Now we hear that Gould, who has written at length about the money woes she suffered before their wedding and her recent struggles to find an affordable home for their family, has asked her readers for $20,000 to fund her legal fees, calling her marriage “a trap.”
In a message headed, “A weird request,” Gould wrote in her “Emily Gould Can’t Complain” letter, “Hi! I’m getting a divorce.”
“This turns out to be very expensive, and I don’t have access to very much money now,” she wrote, asking for contributions to the “cause of me escaping my marriage with my custody and sanity in tact.”
She adds that she’s “deeply sad that it has come to this.”
Gould says in the message, which appears in the 89th installment of her newsletter, that she’s planning to take a “long hiatus” from writing about her own life and “an infinite hiatus from hetero marriage and monogamy.”

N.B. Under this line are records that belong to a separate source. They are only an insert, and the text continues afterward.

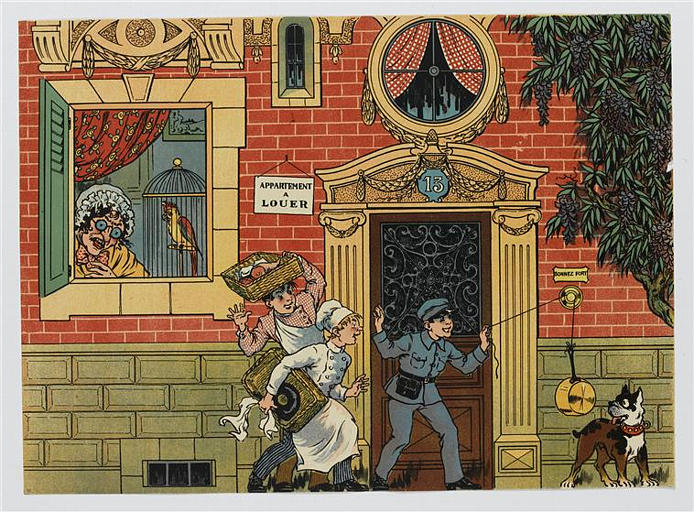 Les petits farceurs (titre factice)_0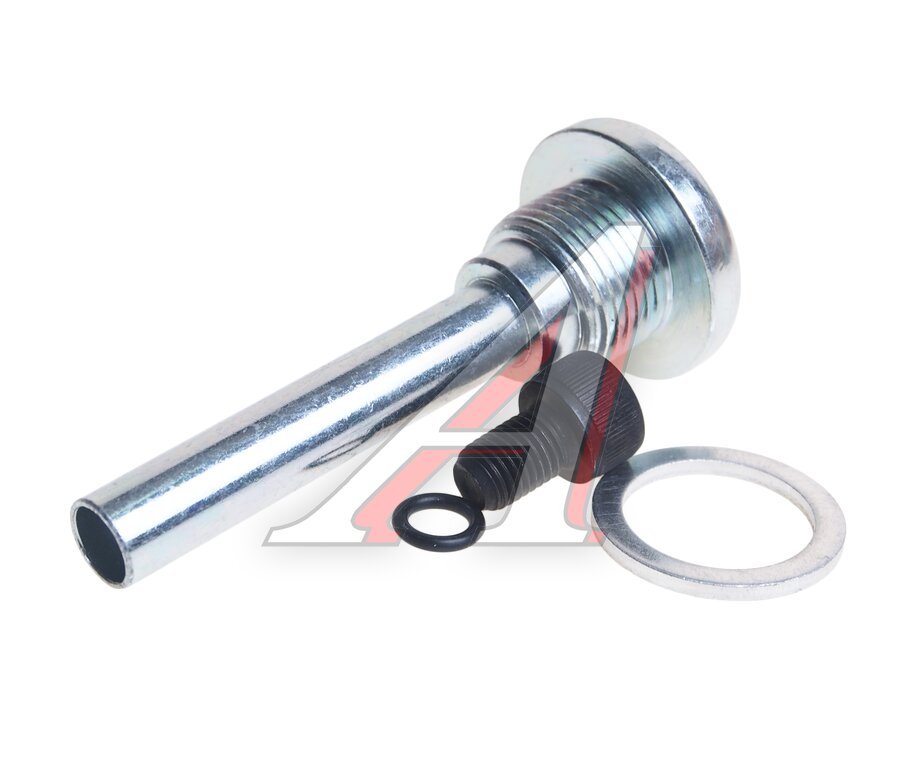 Пробка сливная VOLVO АКПП FEBEST, 30713219, фото 2 Изображение 2, 2799XC90 Пробка сливная VOLVO АКПП FEBEST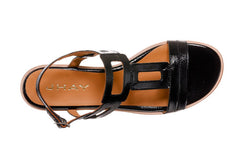 Hay Rectangular Black - Crispins Shoes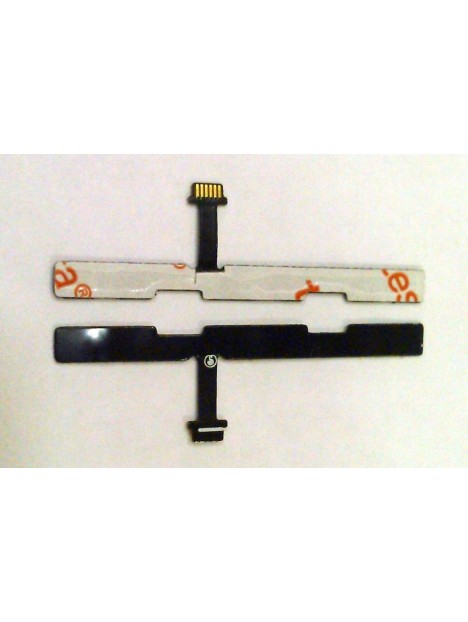 Flex power para ZTE Blade A5 2019 calidad premium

“They are a trap for women, full stop,” the “Hex Education” author writes. “Sometimes a trap can be cozy. Mine was, until it wasn’t.”
She finishes with a Shakespearean quote about, “wanting to change or control someone isn’t love.”
She asked well-wishers to send money to her Venmo account, and said, “No donation is too small.”
A profile of Gould, 40, and Gessen, 47, in New York Magazine in May hinted at difficulties in their union.
The piece, which was part of the promotion for Gessen’s third book, “Raising Raffi: The First Five Years,” said the couple was “battling creative territorialism and envy,” and it suggested they were tight for money. His book explores the couple’s experiences raising their oldest child.
Gould had previously written about how their relationship took a hit shortly before they were married when Gessen revealed that he had donated sperm to his sibling’s partner, who had become pregnant. His sibling is the author Masha Gessen.
Gessen is also a book translator, founder of magazine n+1 and an assistant professor at the Columbia University Graduate School of Journalism.
Gould has written three books, including the memoir “And the Heart Says Whatever,” and the novel “Friendship.”
They have two children.
A rep for Gessen didn’t get back to us.